- Jane stays at Gateshead for several weeks after Mrs. Reed dies, first to keep Georgiana company until she goes back to London, then to take care of the house while Eliza gets ready to move to a nunnery in France. (There are no nunneries in England at this point because it’s not a Catholic country.)
- While traveling back to Thornfield, Jane realizes that she’s never felt happy to go back to a place that has been her home—returning to Lowood or to Gateshead wasn’t much fun.
- She wonders if returning to Thornfield might be nicer, but she’s not sure how long she’ll live there if Mr. Rochester is marrying Blanche Ingram. Still, at least she’ll get to see the man she loves for a few weeks. She knows he won’t be there when she arrives; Mrs. Fairfax told her in a letter that he had gone to London to get things for his wedding.
- Jane walks the last few miles to Thornfield, and, coming around a corner, sees Mr. Rochester sitting on a stile (a set of steps you use to climb over a fence) writing in a book. She freezes and trembles, and then he sees her and calls her over to him.

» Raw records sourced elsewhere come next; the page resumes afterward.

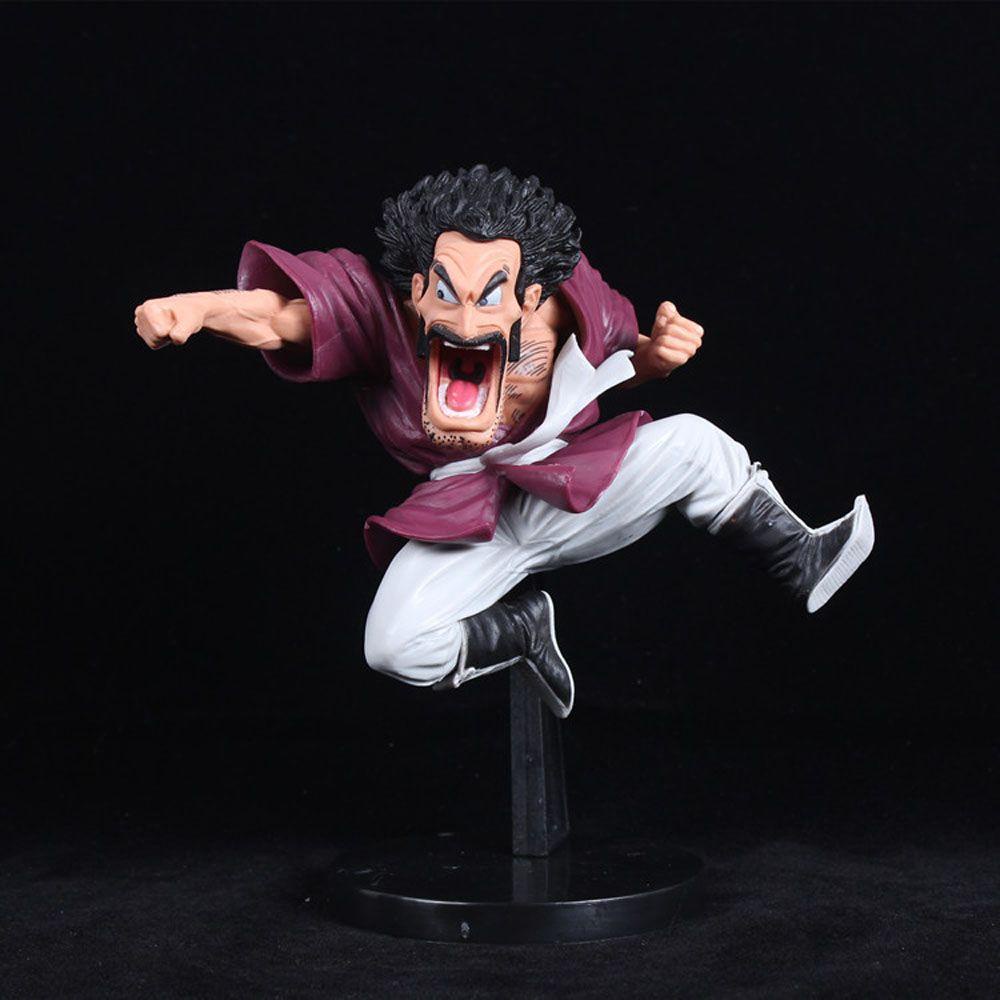 Mô Hình Đồ Chơi Nhân Vật Trong Phim Hoạt Hình Dragonball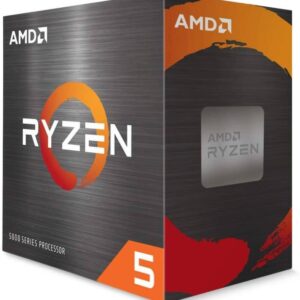 AMD Ryzen 5 4500 Tray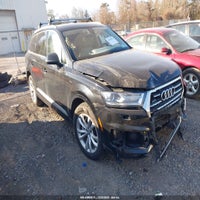 2019 Audi Q7 55 Premium/55 Se Premium
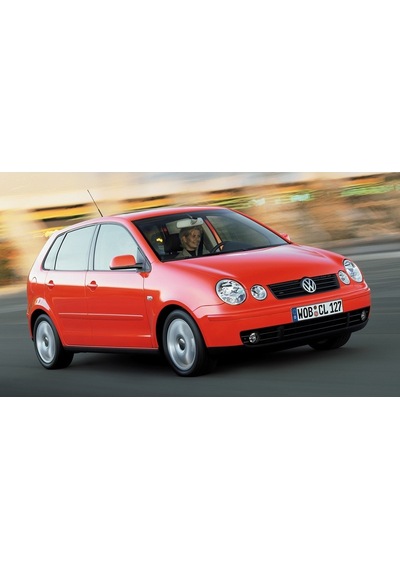 VW Polo 2002-2005 Ön Motor Kaput Kapağı Açma Kolu 1J1823533C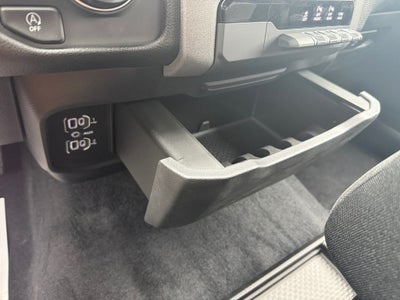 2026 RAM Ram 1500 RAM 1500 TRADESMAN CREW CAB 4X2 5'7' BOX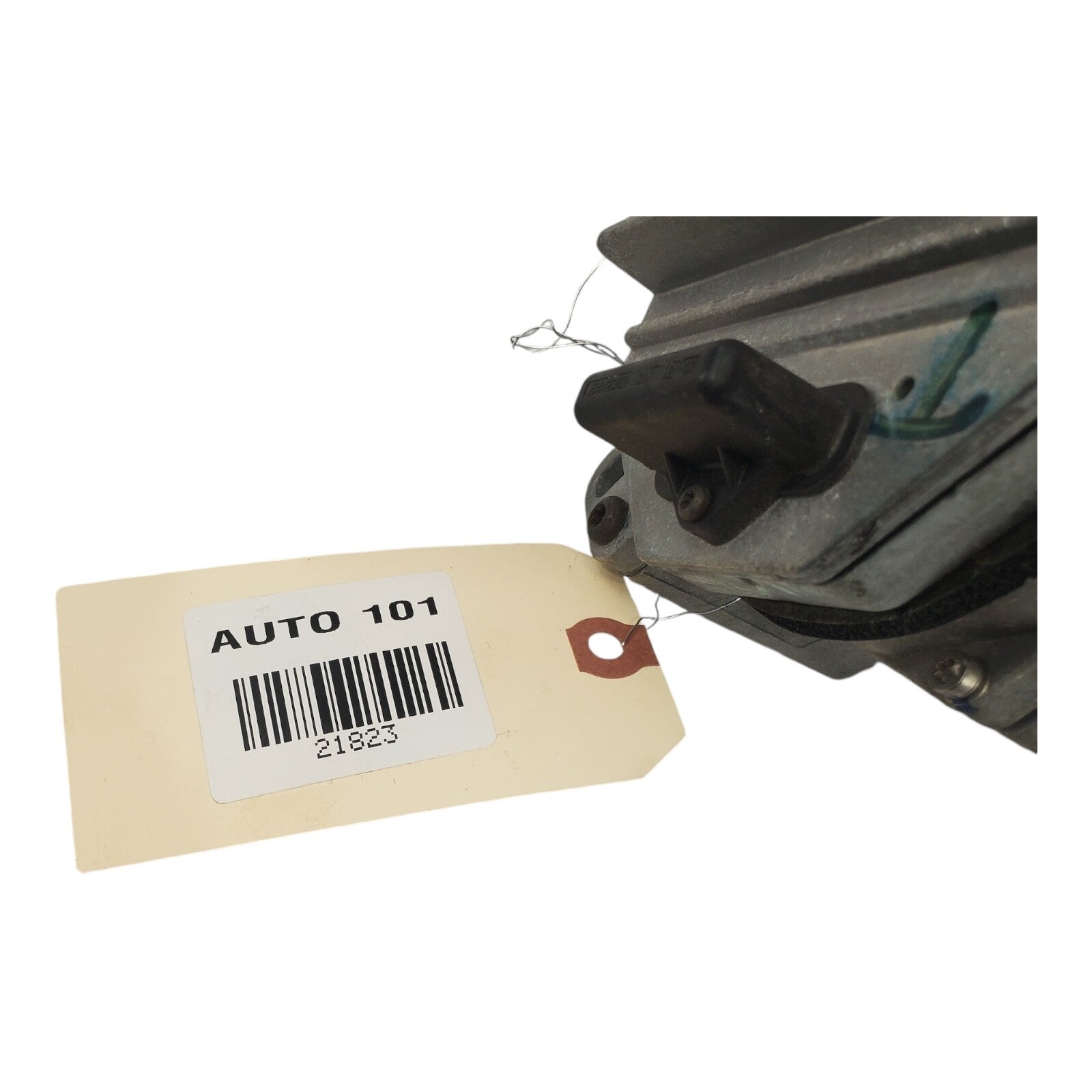 04-12 GM Power Steering Assist Motor ACDelco 26095535 17A OEM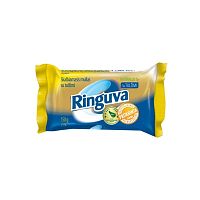 Мыло хозяйственное RINGUVA 150г 72% с желчью арт. 1471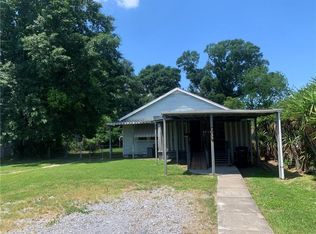 2033 Evergreen Ave, New Orleans, LA 70114
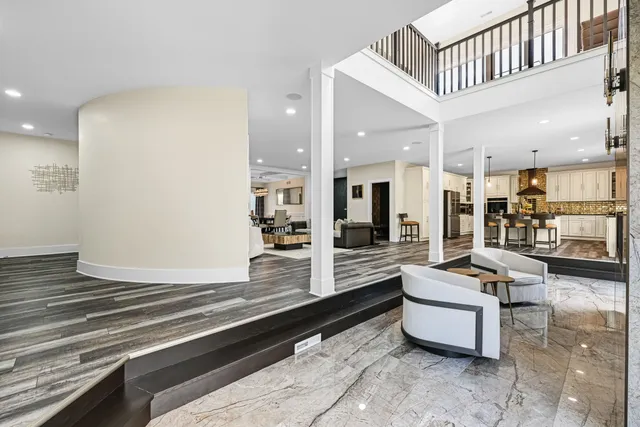 $2,500,000 | 8825 North Spruce Road, River Hills, WI 53217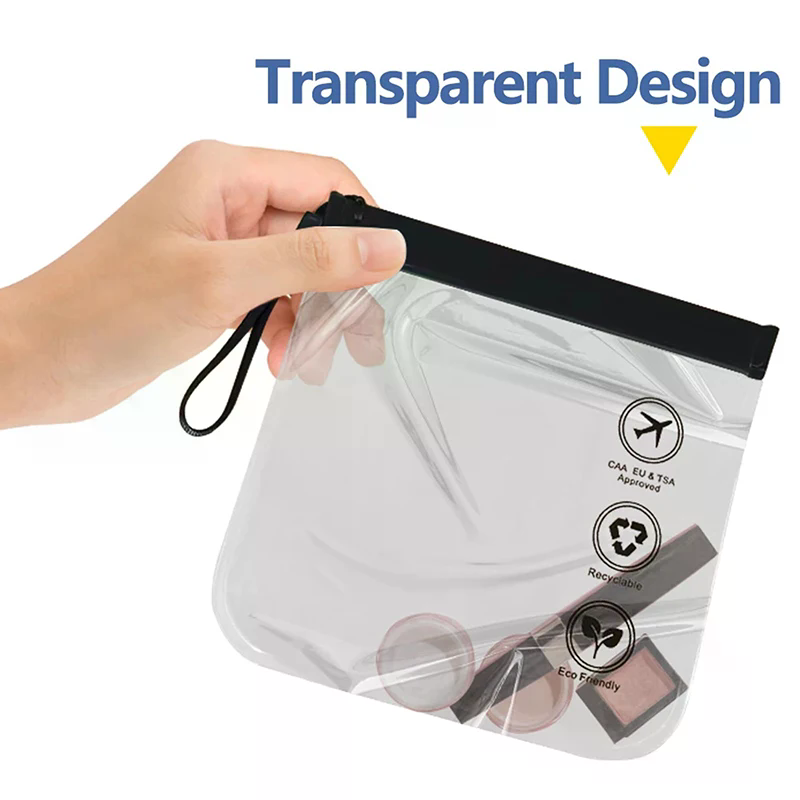 Luggage Transparent Travel Use - Women Bags For Airport recension och pris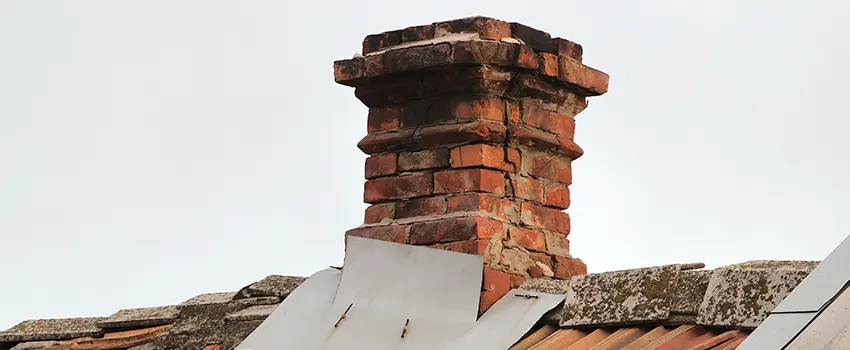 Cost of Fixing Blocked Chimney in Missoula, Montana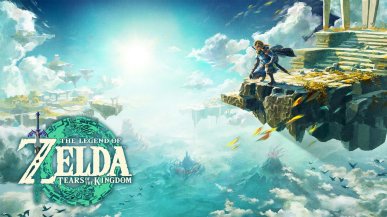 The Legend of Zelda: Tears of the Kingdom bije rekordy sprzedaży. 10 mln w 3 dni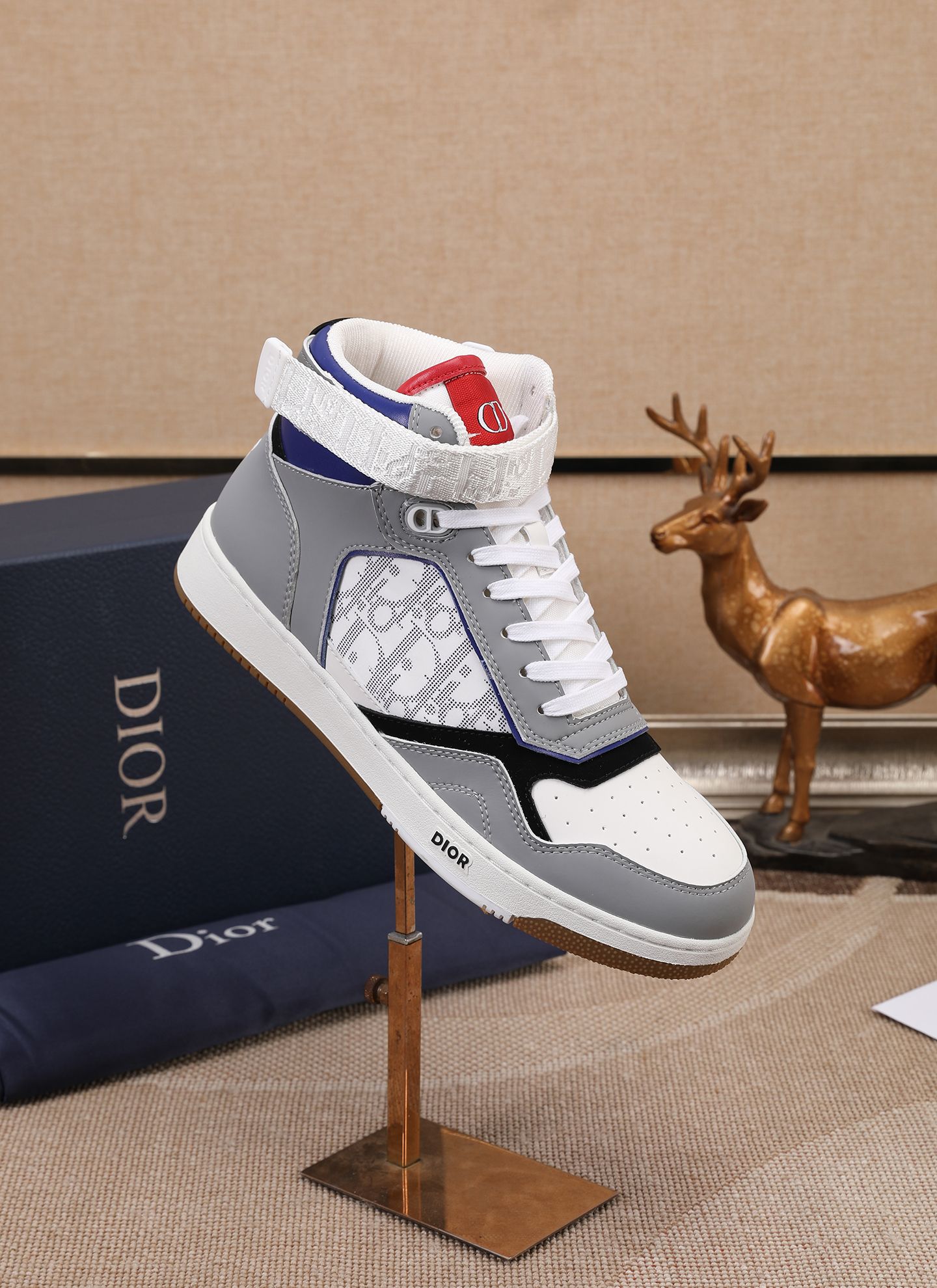 Dior shoe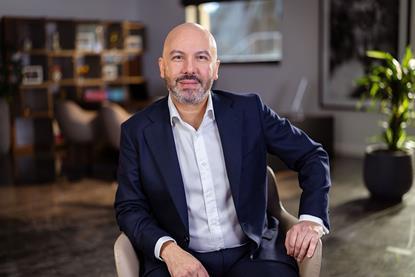 Johann Grech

- Rochester scolds Jane for staying away from him for so long and accuses her of forgetting him. Then he tells her about the carriage he bought for the soon-to-be Mrs. Rochester, and asks if she can’t use her fairy magic to make him handsome. Jane insists that his ugliness is impossible to cure, but the way she’s looking at him suggests otherwise.
- Rochester moves a little and lets her cross over the stile, and before she keeps going she thanks him for his kindness and tells him that wherever he is, that’s her true home. Then she walks away really fast before he can answer her.
- When Jane arrives at Thornfield, everyone is glad to see her. After dinner, Mr. Rochester, Jane, Mrs. Fairfax, and Adèle almost seem like a family.
- Interestingly, Blanche Ingram isn’t around anymore; Rochester doesn’t visit her, she doesn’t visit him, and nobody’s talking about marriage. Jane secretly hopes that the engagement is off.